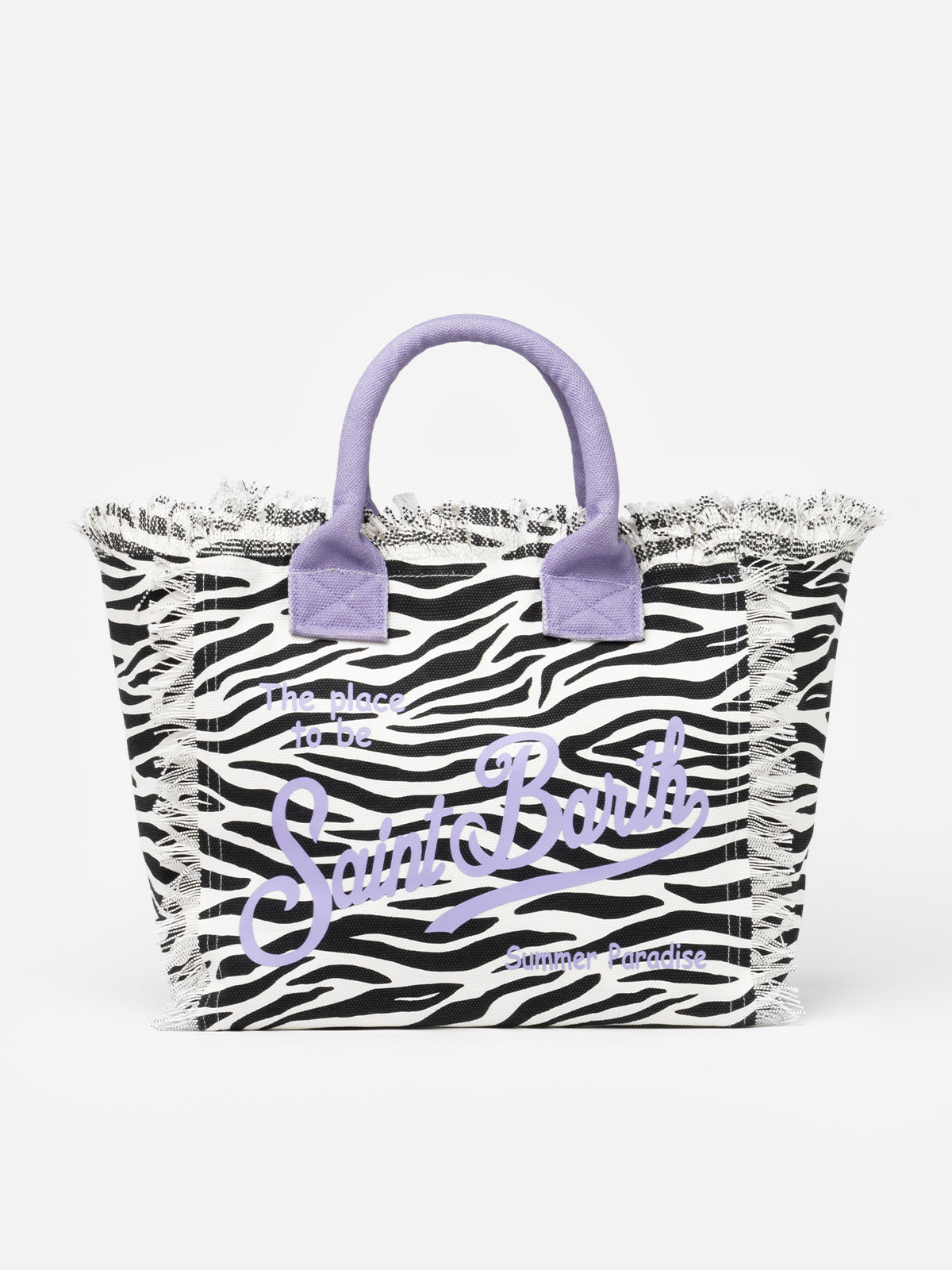 Cotton canvas Vanity tote bag with zebra print – MC2 Saint Barth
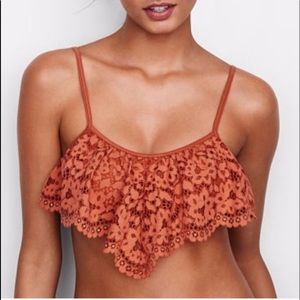 Victoria's Secret Rust Orange Crop Top Bralette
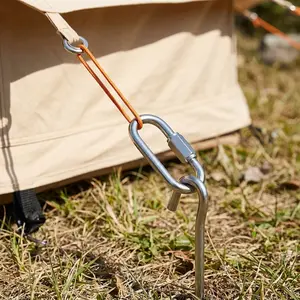 Stainless Stee Chain Link, Quick Links, Chain Links Connector, Hook, Stainless Steel Heavy Duty Chain Quick Links, Hooks & Clips - Multi-Use Hardware for Key Chains, Hanging Chains, Outdoor Travel, Safety, Swing, Chandelier, Backpack, Gym and Hammock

........

What you need to do — Exclude all images and return the listing word for word.

Answer area —
 Cotton canvas Vanity tote bag with zebra print – MC2 Saint Barth
 Victoria's Secret Rust Orange Crop Top Bralette
 Stainless Stee Chain Link, Quick Links, Chain Links Connector, Hook, Stainless Steel Heavy Duty Chain Quick Links, Hooks & Clips - Multi-Use Hardware for Key Chains, Hanging Chains, Outdoor Travel, Safety, Swing, Chandelier, Backpack, Gym and Hammock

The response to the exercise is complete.